強化學習筆記

阿新 • • 發佈：2020-08-09

Preliminary

Robbins-Monro Algorithm

Robbins-Monro Algorithm is designed to solve the following equation:

\[\int c(s, \theta)\tau_{\theta}(s)=0 \]
where \(\tau_\theta\) is a distribution of \(s\) parameterized by \(\theta\).

We can use following rule to obtain \(\theta^*\)

\[\theta_{k+1} = \theta_k-\eta_k c(s_k, c_k) \]

Q-learning Algorithm uses Robbins-Monro to update Q function, i.e.,

\[Q'(s,a) = r+\lambda Q(s_{t+1}, a_{t+1}) - Q(s, a) \]
The original equation of \(Q(s, a)\) and \(Q(s_{t+1}, a_{t+1})\) is

\[Q(s,a)=r + \lambda \sum_{s_{t+1}} P(s_{t+1}\vert s_t, a)\max_{a'}Q(s_{t+1}, a') \]
The sum of \(s_{t+1}\) can be considered as expectation.
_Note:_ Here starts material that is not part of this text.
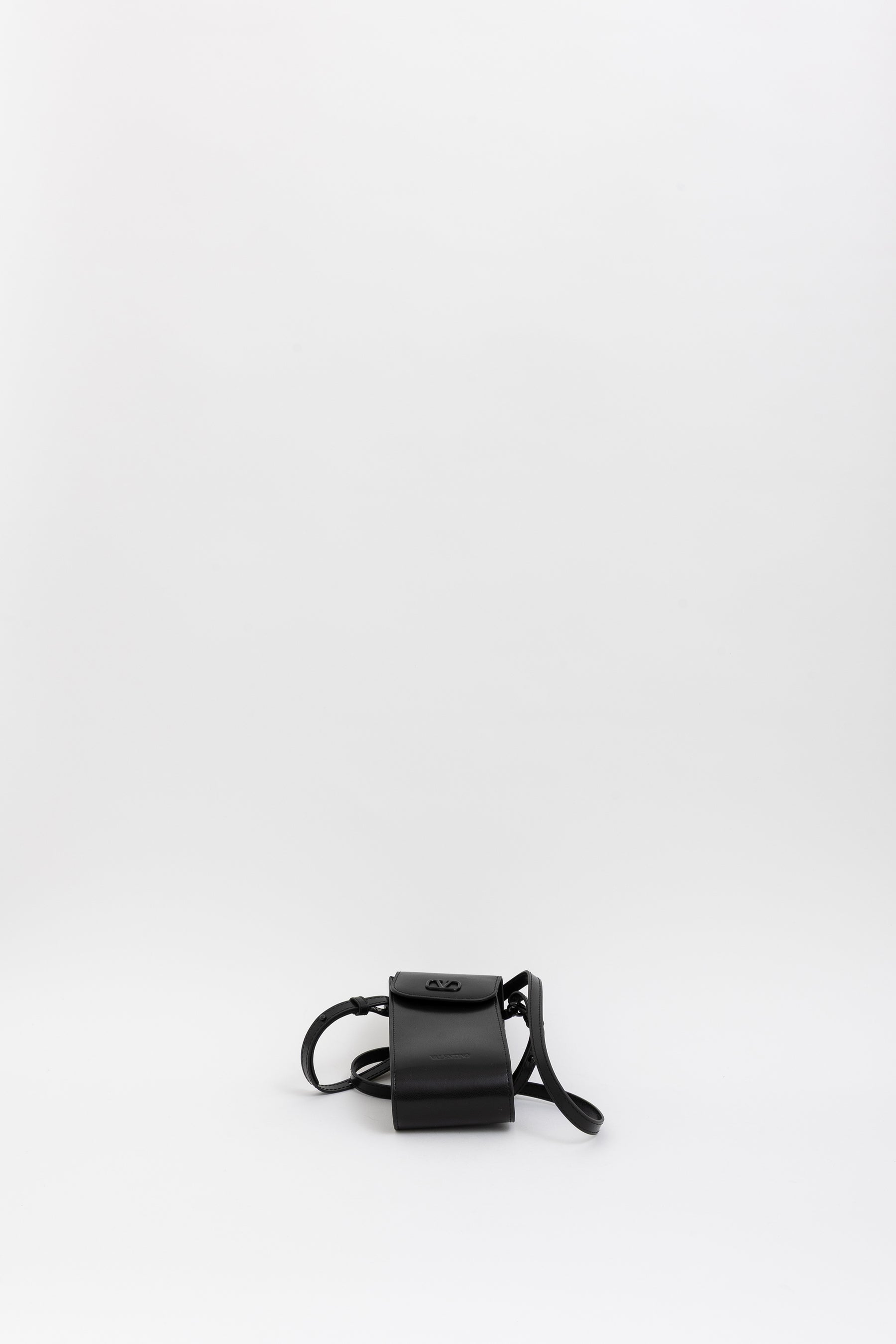 Eyewear VLogo Signature Sunglasses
If we take \(Q(s, a)\)

and \(r\) into the expectation, the above equation follows Robbin-Monro Algorithm.

Policy Gradient

Now, we parameterize the policy distribution with parameter \(\theta\) denoted by \(\tau_\theta\) and the objective function is \(J(\theta)\). We want to minimize \(J(\theta)\) (or maximize, depends on the definition) and improve our policy by optimizing \(\theta\)

Let reward function \(\mu^{\tau_{\theta}}(s_0)=\sum\limits_a \tau(a\vert s_0)Q^{\tau_\theta}(s_0,a)\) be the objective function (Note, we neglect time term \(t\)) and take gradient with respect to \(\theta\)

\[\begin{align*} \nabla_{\theta} \mu^{\tau_\theta}(s_0)&=\sum_a(\nabla\tau(a\vert s_0)Q(a,s_0)+\tau(a\vert s_0)\nabla Q(a, s_0))\\ &=\sum_a(\nabla\tau(a\vert s_0)Q(a,s_0)+\tau(a\vert s_0)\nabla \sum_{s'.r'}P(s',r'\vert a,s_0)(r'+\mu ^{\tau_\theta}(s')))\\ \end{align*} \]

Lemma:

If \(I-P > 0\), for the equation \((I-P)x=y\), we have

\[\begin{align*} x&=(I-P)^{-1}y\\ &=\sum_{k=0}^{\infin} P^{k}y \end{align*} \]

Using this lemma, we have

\[\nabla\mu^{\tau_\theta}(s_0) = \sum_{x\in \mathcal S}\sum_{k=0}^\infin P(s=x, k,\tau_\theta)\sum_a \nabla\tau_{\theta}(a\vert x)Q^{\tau}(x,a) \]

Let \(\eta(x)\) denotes \(\sum\limits_{k=0}^{\infin}P(s=x,k,\tau_\theta)\), we can rewrite the equation

\[\begin{align*} \nabla\mu^{\tau_\theta}(s_0) &= \sum_{x\in \mathcal S}\eta(x)\sum_a \nabla\tau_{\theta}(a\vert x)Q^{\tau}(x,a)\\ &\propto\sum_{x\in \mathcal S}\frac{\eta(x)}{\sum_{x'}\eta(x')}\sum_a \nabla\tau_{\theta}(a\vert x)Q^{\tau}(x,a)\\ &=E^{\tau_\theta}[\nabla\tau_{\theta}(a\vert x)Q^{\tau}(x,a)]\\ &=E^{\tau_\theta}[Q^{\tau}(S_t,A_t)\nabla\log(\tau(A_t\vert S_t))] \end{align*} \]

AC

We can using a network to estimate Q function and the actor network to learn \(\theta\).

from collections import deque
import random

import numpy as np
import tensorflow as tf
from tensorflow.keras.layers import Input, Dense
from tensorflow.keras.optimizers import Adam
physical_devices = tf.config.experimental.list_physical_devices('GPU')

assert len(physical_devices) > 0, "Not enough GPU hardware devices available"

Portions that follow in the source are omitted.